Touted as the biggest toy store in Europe, the store has been designed as a retail and entertainment space, featuring rides and themed zones.


FITCH_HAMLEYS_WORLD_02Fitch has designed a Hamleys store in Moscow, which at 7,000 square meters is “Europe’s largest toy shop”.

The consultancy was appointed 18-months ago by Russian company Ideas4Retail, which has set up a franchise of Hamleys.

The Hamley’s World store – situated in Lubyanka Square ­– includes indoor rides and is delineated by nine different worlds: Enchanted Forest, Imagination, LEGO World, Magic Kingdom, Metropolis, Motor City, Park, Safari and Space.



The store has been designed as a destination that mixes retail and entertainment and includes a go-kart track in Motor City, while there is a full-scale replica of the Millennium Falcon, which children can “test drive” in Space.

Lennox says: “You go up a ramp and round a corner to get into the Millennium Falcon. Kids can play up there, have their birthday there and if they sit in the cockpit, there are lights, buttons and screens to interact with. The focus is the play experience not thematic decoration.


Fitch executive creative director Alasdair Lennox says the store is “a meeting point between retail and leisure”. He adds “If you’ve got a 7000 square meter space you have to ask ‘Where do you stretch the brand beyond a big store?’ They had no real reference point to work with. It’s an entirely new store format.”

One of the main considerations for Lennox was to make it feel like a Russian store and not export the idea of London’s Regent Street store.
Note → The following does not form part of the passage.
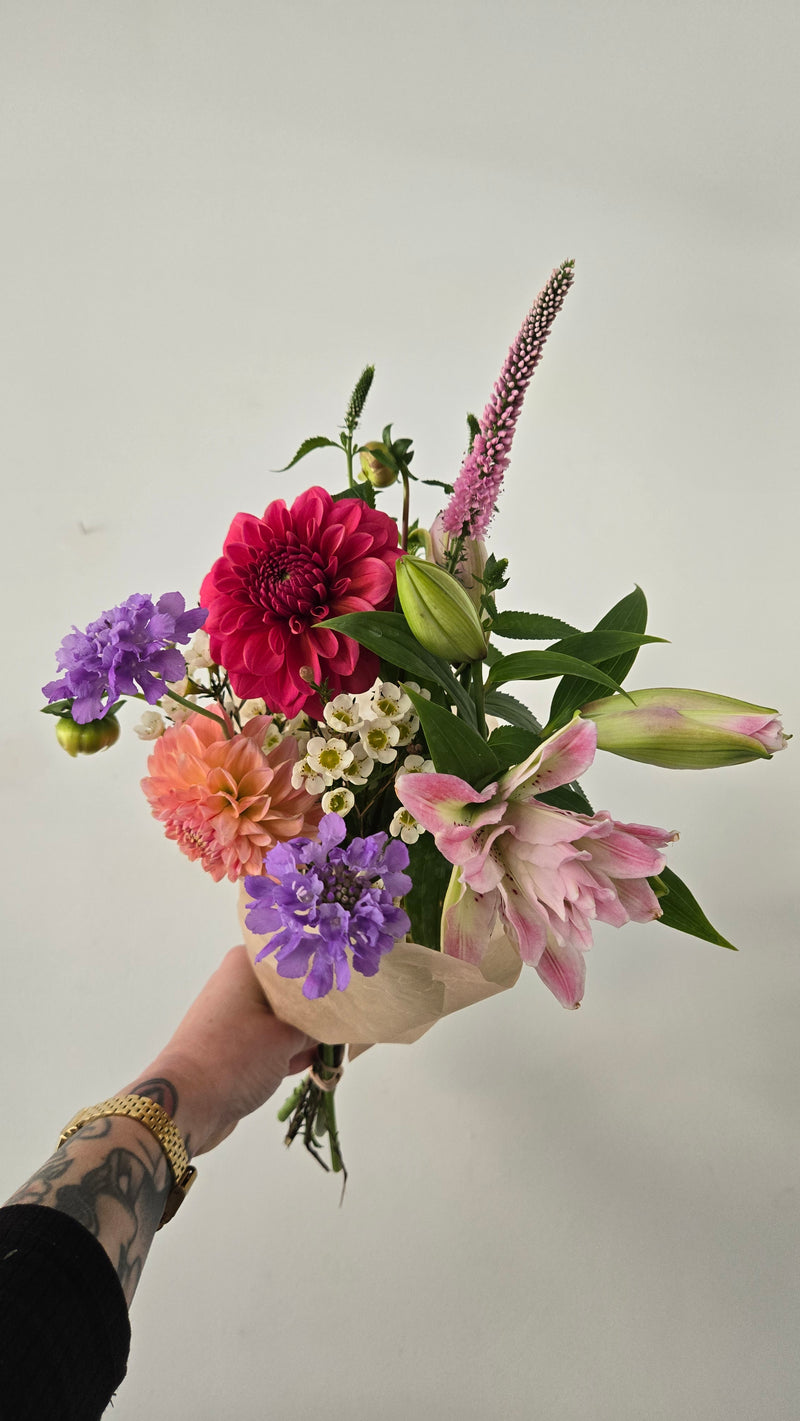 Bouquet of The Day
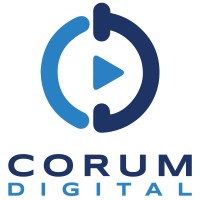 Corum Digital Corporation logo, Corum Digital Corporation contact details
The Moscow store, real name Mir Hamleys, “references nostalgic stories, traditional nursery rhymes and Russian childhood memories,” says Lennox. The theme also extends to digital window displays.

Other features inside the store include a giant castle, which has been created for children to explore in the Magic Kingdom and elsewhere witches can be seen “flying” through the Enchanted Forest on broomsticks.


Soon the store will implement interactive signage and wayfinding to help customers orientate themselves.

Lennox says: “As it’s over two floors there are large landscaping elements in between retail sections. You don’t get an open vista, it’s about exploring.”

While the Moscow store is a completely new format it follows a smaller shopping mall format, which is rolling out globally.